Sunday, June 13, 2010

IOCTL_HAL_INITREGISTRY and its place in the boot order

I'll start by saying that this is intended for OEM platform developers.

When you develop an OSDesign it usually supports several hardware configurations. One of the first questions that arises is where in the boot process can we decide what is the configuration we are running on and which drivers should we enable. For this purpose Microsoft introduces IOCTL_HAL_INITREGISTRY.

This OAL IOCTL is called in the boot phase. The description by Microsoft is:
It is called before other applications are started, so the OAL can modify registry settings used by all applications.
This is where this post comes in. From what I have experienced, using Hive Based registry, the registry that is available in this function is the Hive Boot section. Any change that is done to the registry will be merged (override) to the boot phase of the device manager.
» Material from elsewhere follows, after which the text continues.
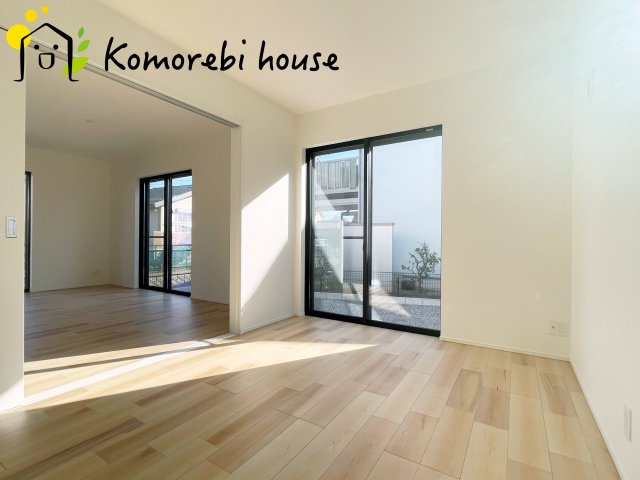 さいたま市北区日進町2丁目　新築一戸建て　エヴァーフォレストⅡ　01の洋室|使い勝手のいい洋室です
The delicate points to pay attention to are:
  1. Changes that have been saved before the last restart are not reflected in the current state of the registry.
  2. After this function finishes the device manager is loaded. This means that boot phase one relies on the updated registry. So, if you add driver entries in this functions you may encounter weird problems in the loading order of drivers (suddenly drivers will load in boot phase one when they were not supposed to be avialble yet).
To solve number 2 I use the following solution:
Say I have two hardware implementations for a USB controller (revision 1.2 of the HW has a differnet controller than revision 1.1). This means I need two different code paths to initialize the hardware. Admittedly, there are many ways to implement this, but what I do is put two different drivers in the source code and add two different entries in the registry. When the IOCTL_HAL_INITREGISTRY is called I update the flags entry of the corresponding drivers based on the revision of the board.